Plans aired to make Fort Washington Office Park competitive
Flood control, an eastbound slip ramp and proposed zoning changes in the Fort Washington Office Park were among the items served up at a Sept. 20 luncheon meeting of the Fort Washington Business Alliance.
A “State of the Fort Washington Office Park” presented by Upper Dublin Township Manager Paul Leonard touched on the issues of flood control, improved transportation, amenities and market-based development policies.
“A lot is going on,” Leonard told about 40 members of the business group.
Flooding, a “central issue” of the office park, is being addressed, in part with the construction of two dams — one behind the Mercedes- Benz parts and service facility on Dreshertown Road, the other near the CHAC athletic fields on Highland Avenue, he said.
The township hired a lobbyist to help secure an $11.6 million grant from the state, with the township putting up about $3.5 million for the dams, expected to be operational by next August or September, Leonard said.

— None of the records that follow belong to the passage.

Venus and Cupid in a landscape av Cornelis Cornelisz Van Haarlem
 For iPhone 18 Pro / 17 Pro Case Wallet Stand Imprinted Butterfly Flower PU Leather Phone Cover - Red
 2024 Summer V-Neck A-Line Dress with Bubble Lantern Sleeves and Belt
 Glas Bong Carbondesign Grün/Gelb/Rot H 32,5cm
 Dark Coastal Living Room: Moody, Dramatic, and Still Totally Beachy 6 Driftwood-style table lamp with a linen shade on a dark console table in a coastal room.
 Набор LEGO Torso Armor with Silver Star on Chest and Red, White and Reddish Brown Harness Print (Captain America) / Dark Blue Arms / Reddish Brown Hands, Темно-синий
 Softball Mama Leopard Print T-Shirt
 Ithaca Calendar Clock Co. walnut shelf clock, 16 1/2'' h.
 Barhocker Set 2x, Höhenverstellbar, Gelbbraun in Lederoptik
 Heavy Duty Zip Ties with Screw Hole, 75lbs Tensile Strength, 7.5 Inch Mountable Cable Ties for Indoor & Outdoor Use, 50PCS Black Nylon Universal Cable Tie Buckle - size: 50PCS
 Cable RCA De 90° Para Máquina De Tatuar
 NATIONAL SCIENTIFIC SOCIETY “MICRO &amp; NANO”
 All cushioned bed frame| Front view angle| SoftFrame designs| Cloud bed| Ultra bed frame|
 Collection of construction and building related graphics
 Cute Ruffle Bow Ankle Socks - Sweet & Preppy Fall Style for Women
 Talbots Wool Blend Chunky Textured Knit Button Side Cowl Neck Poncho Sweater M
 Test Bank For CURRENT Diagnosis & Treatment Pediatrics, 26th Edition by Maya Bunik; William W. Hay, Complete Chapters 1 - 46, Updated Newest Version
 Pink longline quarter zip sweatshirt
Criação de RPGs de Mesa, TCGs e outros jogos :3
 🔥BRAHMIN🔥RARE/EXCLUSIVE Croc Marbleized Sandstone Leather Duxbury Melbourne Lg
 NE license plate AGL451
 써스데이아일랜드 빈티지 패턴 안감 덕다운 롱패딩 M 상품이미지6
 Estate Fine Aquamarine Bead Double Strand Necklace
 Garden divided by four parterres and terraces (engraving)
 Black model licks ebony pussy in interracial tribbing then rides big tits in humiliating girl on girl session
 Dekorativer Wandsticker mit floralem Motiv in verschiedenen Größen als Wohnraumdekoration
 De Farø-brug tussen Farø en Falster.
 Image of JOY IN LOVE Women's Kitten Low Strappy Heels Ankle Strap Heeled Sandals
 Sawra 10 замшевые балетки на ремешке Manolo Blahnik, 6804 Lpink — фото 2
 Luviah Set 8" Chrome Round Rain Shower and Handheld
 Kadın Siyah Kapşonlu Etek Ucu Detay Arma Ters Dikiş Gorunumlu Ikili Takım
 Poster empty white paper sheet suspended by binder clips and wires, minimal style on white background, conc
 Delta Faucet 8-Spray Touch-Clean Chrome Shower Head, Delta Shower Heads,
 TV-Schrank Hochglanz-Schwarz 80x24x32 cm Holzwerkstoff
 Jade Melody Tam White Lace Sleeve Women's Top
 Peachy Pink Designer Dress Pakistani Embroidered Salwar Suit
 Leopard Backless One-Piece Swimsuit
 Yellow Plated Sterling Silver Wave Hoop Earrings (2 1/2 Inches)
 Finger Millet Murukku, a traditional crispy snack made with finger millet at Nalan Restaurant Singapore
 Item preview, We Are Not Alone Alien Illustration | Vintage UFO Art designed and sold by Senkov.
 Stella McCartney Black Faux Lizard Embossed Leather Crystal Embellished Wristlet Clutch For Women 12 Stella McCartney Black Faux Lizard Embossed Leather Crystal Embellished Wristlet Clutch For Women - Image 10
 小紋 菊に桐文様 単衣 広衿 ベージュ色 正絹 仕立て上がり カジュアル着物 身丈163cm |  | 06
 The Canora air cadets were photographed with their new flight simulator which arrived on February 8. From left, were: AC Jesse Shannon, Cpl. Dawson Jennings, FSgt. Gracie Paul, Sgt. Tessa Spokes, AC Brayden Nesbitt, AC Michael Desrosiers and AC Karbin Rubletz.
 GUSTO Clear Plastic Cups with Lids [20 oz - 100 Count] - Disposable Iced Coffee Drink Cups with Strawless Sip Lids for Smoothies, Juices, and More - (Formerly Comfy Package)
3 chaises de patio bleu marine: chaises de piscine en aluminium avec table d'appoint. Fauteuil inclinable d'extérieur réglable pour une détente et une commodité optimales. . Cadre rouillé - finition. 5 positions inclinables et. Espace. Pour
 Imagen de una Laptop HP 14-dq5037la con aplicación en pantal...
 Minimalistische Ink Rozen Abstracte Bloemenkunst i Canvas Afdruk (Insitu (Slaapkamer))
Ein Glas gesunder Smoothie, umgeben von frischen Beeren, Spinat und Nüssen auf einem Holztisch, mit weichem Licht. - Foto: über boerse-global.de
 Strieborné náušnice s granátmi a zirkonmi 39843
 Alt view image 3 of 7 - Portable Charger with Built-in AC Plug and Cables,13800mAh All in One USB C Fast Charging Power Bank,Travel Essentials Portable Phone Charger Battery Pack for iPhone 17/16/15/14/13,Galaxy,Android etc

Of the 19 structures in the office park that are prone to flooding, eight will not flood after the project, but 11 still will.
The township is also working on zoning changes in the office park that will “make it more difficult to invest in properties in a flood plain,” he said. One initiative is a TDR, transfer of development rights, that will put a value on a property that floods and offer a transfer of credits to a tract on higher ground, as “a payback for people we’re saying it’s hopeless.”
“We want developers to develop here outside the flood plain,” Leonard said.
Transportation improvements would include an estimated $32.5 million to rebuild all the roads in the office park, which are 57 years old and “shot,” he said. There would be more of a focus on multimodal transit involving the Fort Washington train station, and the township and Turnpike Commission have discussed a possible eastbound on-off slip ramp on the opposite side from the existing westbound on-off slip ramp off Virginia Drive, estimated at $20 million, he said.
“We think [the additional slip ramp] would raise the rents in the office park by $2 to $3 a square foot,” Leonard said.
The impact of the improvements in the office park are estimated to bring in $406,600 in new property tax revenues for the township and $2.05 million for the school district, he said.
Another way to revamp the office park is to offer some mixeduse zoning, he said.
“The township is putting its zoning and land development ordinances on the table,” Leonard said, with the possibility of having townhomes or apartments and retail permitted. The concept is to have the park a place people “want to live, work and play.”
A lobbyist has been identified to look for federal and state money and the township is considering hiring a professional planner in order to make the office park competitive, he said. To spruce up the turnpike/309 interchange, PennDOT is expected to put in some new plantings and the township will take over their maintenance, he said.
Wawa will soon break ground on the site opposite LA Fitness on Virginia Drive, and the township has received a $250,000 red light enforcement program grant that will put cameras on five traffic signals, not for ticketing, but to improve the flow of traffic in the Dresher triangle area.
State Rep. Todd Stephens, who attended the meeting, told the FWBA members, if re-elected, he plans to establish a small business advisory council in 2013 to meet quarterly and “discuss issues that are going on in Harrisburg and issues facing business owners.”
In addition, Stephens said he would hold town hall meetings to find out “what we can do in Harrisburg to help your business grow.”